Since most distribution agreements do not immediately result in up-front cash to the filmmaker to pay for the costs of principal photography and post-production, the production company must use the distribution agreement as collateral to borrow money from a traditional bank, film finance company, an investment fund or other lender. The distributor will execute a guarantee agreement which provides that distributor serves as guarantor of the loan.
Since the lender is entitled to repayment regardless of the film’s revenue or success, the distributor’s guarantee of the loan puts the lender in a position of much greater security than if the filmmaker is solely responsible for the loan. When the completed film is delivered to the distributor, the distributor will pay-off the loan (directly to the lender).
In order for a pre-sale agreement to be an acceptable collateral, the distributor must be “bankable”, that is, it has a good reputation or creditworthiness. Obviously, that won’t be as important if the distributor is willing to make a sizeable cash advance upfront, making it unnecessary for a producer to seek a loan using the pre-sale agreement as collateral.
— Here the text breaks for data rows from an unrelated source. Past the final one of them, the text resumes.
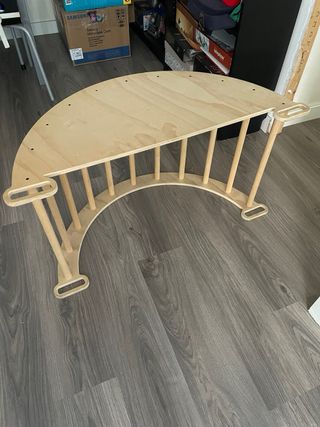 Triángulo Pikler + Rampa + Balancín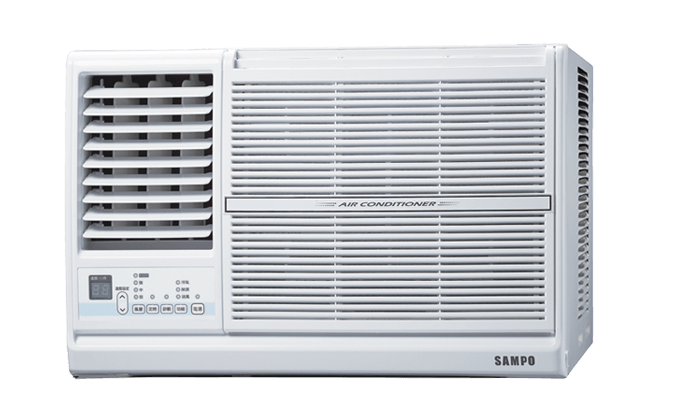 【SAMPO聲寶】定頻左吹窗型冷氣 3-5坪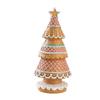 Simulated Gingerbread Christmas Tree Ornament Hand Painted Xmas Tree Ornament  Festive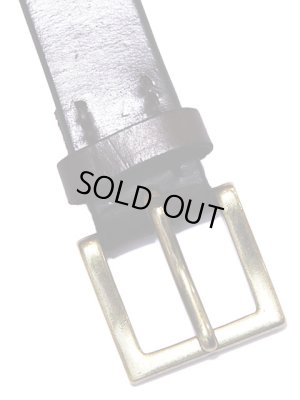 画像3: 【 Pherrow's（フェローズ） 】　UKサドルレザー細型シングルピンベルト　[ SINGLE PIN BELT ]　[ BROWN ]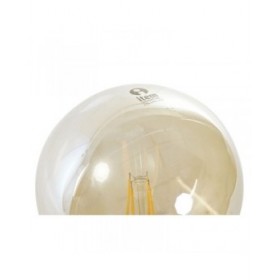 Lampadina LED DKD Home Decor E27 A++ 4 W 450 lm Ambra 12,5 x 12,5 x 18 cm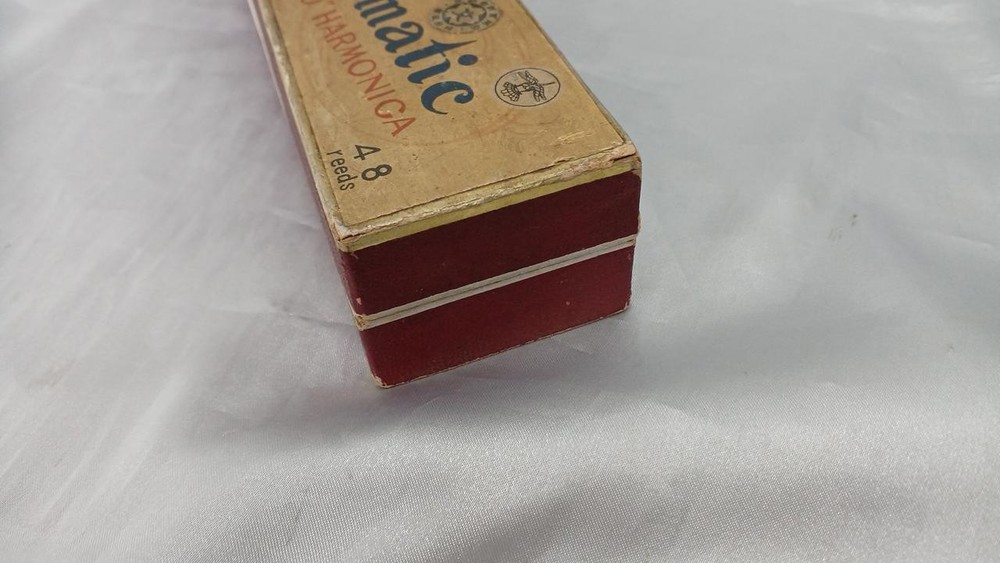 Chromatic Harmonica Model SINGLE CHROMATIC TOMBO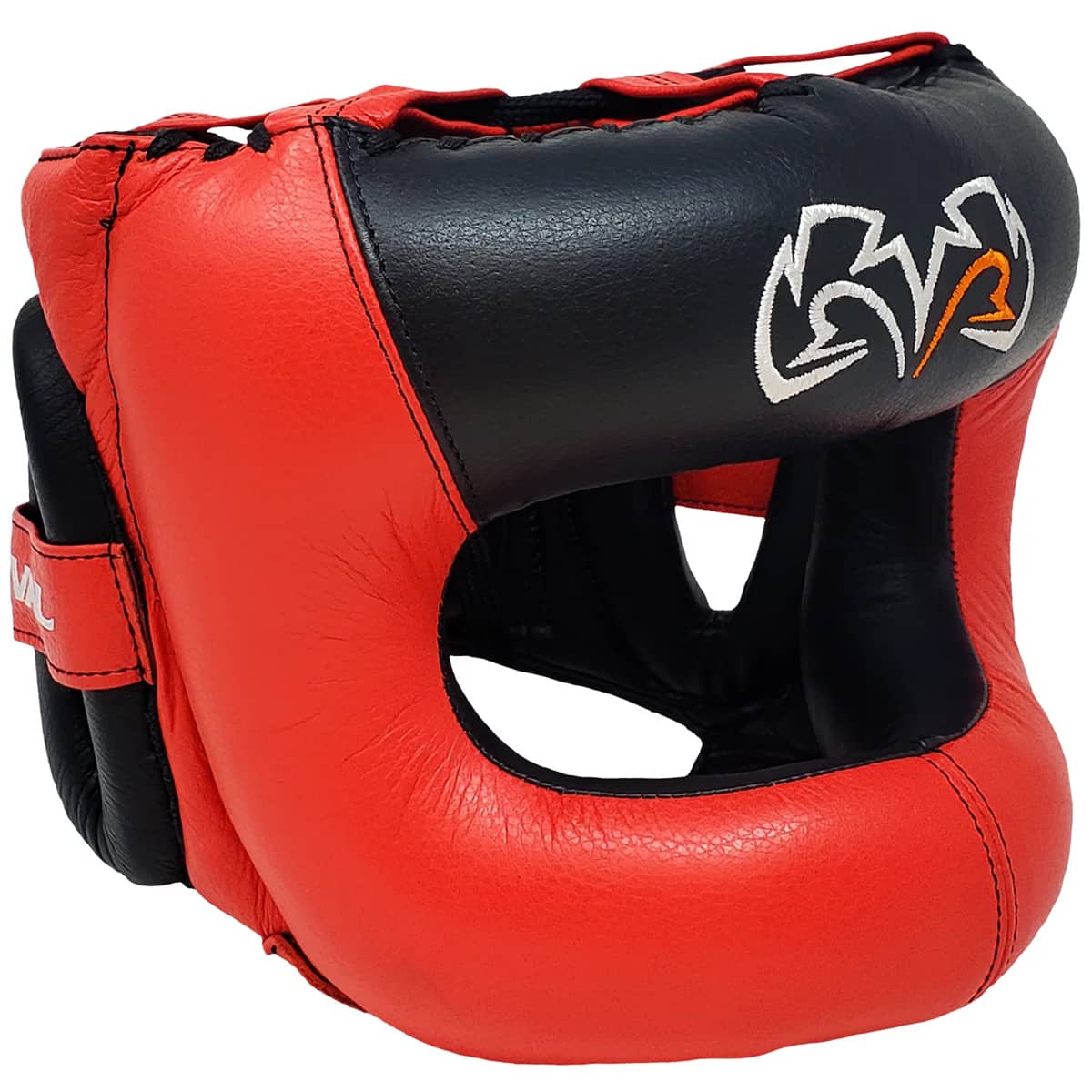 RIVAL - Boxing RHGFS3 Guerrero Face-Saver Headgear - S/M - Red/Black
Typically, banks will lend up to 80% of the face value of the minimum guarantee being used as collateral. The actual amount of the loan, and any conditions attached, will depend on the distributor’s risk profile. Each minimum guarantee is individually discounted based on the perceived risks to the bank, such as the distributor’s reputation and the bank’s history with the specific distributor and territory.
That is why, prior to deciding whether to presell a film to a distributor, the producer or sales agent must gain knowledge of the distributor in each territory, their payment history and reputation in the market. The greater the reputation a distributor has, the more valuable will be its minimum guarantee to a lender, and the collateral will be discounted less.
As a prerequisite for a loan, a bank will require the production company or distributor to obtain a completion bond (“completion guarantee”) from a reputable bond company, to ensure that the project is completed on time, on budget and delivered to the distributor in accordance with the terms of the pre-sale agreement.
In addition to the completion guarantee, the bank may require that the production company provide certificates of insurance coverage, including general liability and errors and omissions (E&O) insurance, naming the bank as an additional insured, since, in the event of a litigation, the bank may be named as a defendant.